How a devboard works (and how to make your own)

kaipereira.com

95 points by kaipereira 3 days ago


exmadscientist - 3 days ago

I don't like this tutorial. It purports to teach you "what everything on the PCB fundamentally does, and what every single component on your PCB is actually for!" but it gets the reasoning for a lot of stuff wrong, sometimes badly wrong. I think every single instance of a component with a numerical value picks the value with a misleading or even completely wrong justification. Even if the tutorial gets to an OK schematic in the end, it shouldn't be teaching shoddy reasoning.

(And the author doesn't seem to understand decoupling capacitors, but most people don't understand decoupling capacitors, including most datasheet authors, so that doesn't surprise me.)

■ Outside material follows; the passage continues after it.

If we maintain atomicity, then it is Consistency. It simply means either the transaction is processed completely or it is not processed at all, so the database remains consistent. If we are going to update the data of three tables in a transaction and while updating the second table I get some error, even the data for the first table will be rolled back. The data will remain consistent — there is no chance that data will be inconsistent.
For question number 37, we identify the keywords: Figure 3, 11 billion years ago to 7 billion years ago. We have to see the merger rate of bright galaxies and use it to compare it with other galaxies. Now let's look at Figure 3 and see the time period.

Also, KiCad's "solutions" for BOMs are hilariously, absurdly terrible. But that helps me earn a living, so I can't complain too much....

jmole - 3 days ago

I thought this article would first start with the most essential question: "How to decide what you need on your devboard".

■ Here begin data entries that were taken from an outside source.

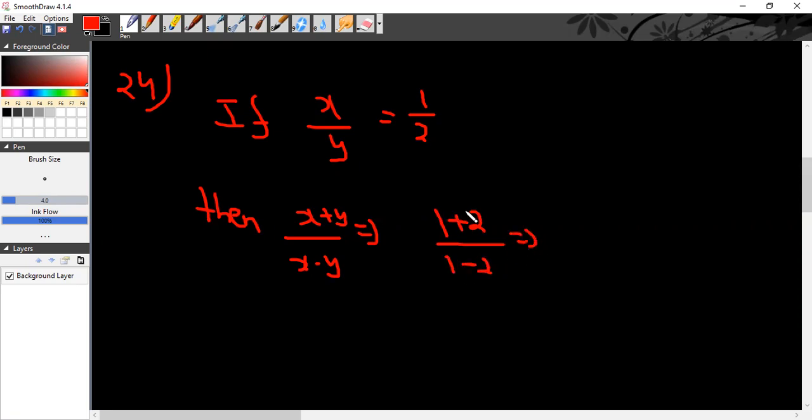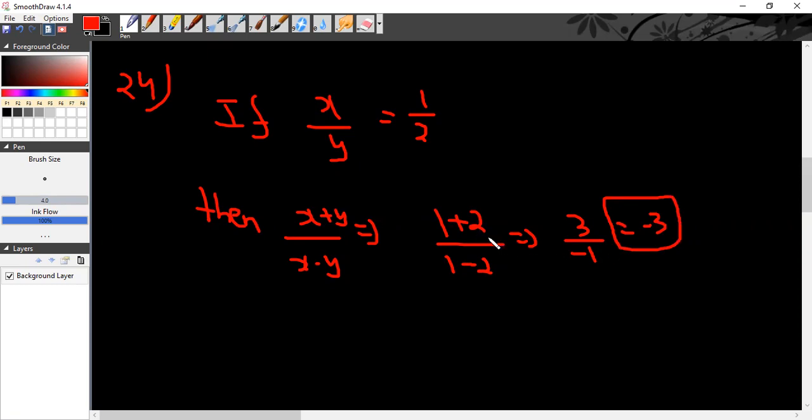This will be 3 divided by minus 1, which is equal to minus 3. This also shows the other direction.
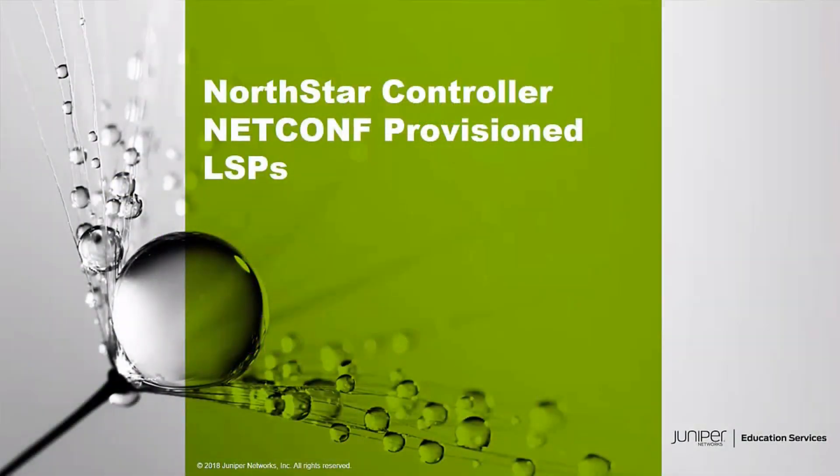Hello, welcome to the NorthStar Controller NetConf provisioned LSPs Learning Byte. I'm Gordon Mosley with the Education Services Department at Juniper Networks. Let's get started.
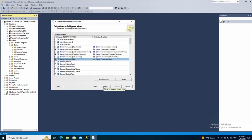Then click next. As you can see it says here that on the destination database it's going to keep the same name for these tables. Click next.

Without that critical piece of design work, you may as well call this "How to build a Raspberry Pi Nano from scratch". Which, to be fair, is also a good article to write.

But step 1 for really building a dev board is answering the question, "What do I need from this that I can't get from a $5 Amazon purchase?"

kaipereira - 2 days ago

Hey guys, thanks for all the love :D

The website went down because of the traffic and large images, so I've temporarily switched hosting, and it should stay up now (DNS propagation might take a bit though), but I'm going to get those images smaller ASAP, thanks to everyone who posted web archives!

I'm also going to alter some of the reasoning for some of the stuff like decoupling capacitors, but the guide is still meant for complete beginners, and lots of the terminology/reasoning can be pretty overwhelming, and I still have a lot to learn about decoupling/other stuff!

I'll also add a part about what you actually need on your devboard, that's a great suggestion!

You can find a JOURNAL.md in EVERY SINGLE one of my hardware projects https://github.com/KaiPereira?tab=repositories so if you guys want to see more guides/tutorials, let me know :D

wayvey - 3 days ago

While the deployment is down you can read it on web.archive.org https://web.archive.org/web/20251107235749/https://kaipereir...

toonewbie - 3 days ago

Not sure if it was due to higher load from HN or my IP location, but your website is inaccessible to me right now: "This deployment is temporarily paused."

avipars - 3 days ago

This deployment is temporarily paused

Any archived version?

moi2388 - 3 days ago

“ This is how are schematic will look when done the tutorial”

Well, that bodes well for the rest of the article..

hackingonempty - 3 days ago

This is a really excellent tutorial, thank you for making it.

matt3210 - 3 days ago

Dang, I wanna read this but the site seems down

eqvinox - 3 days ago

Honestly my problem is that all my designs turn into devboards since I always have a kind of "FOMO" of not breaking something out and then needing it later to bodge things... and then I'm left with a crowded board where I don't even use two thirds of things...

massifist - 3 days ago

I found this article very informative. Thanks for writing it.

neuvarius - 3 days ago

Crosspost to r/embedded if you haven’t. See you there.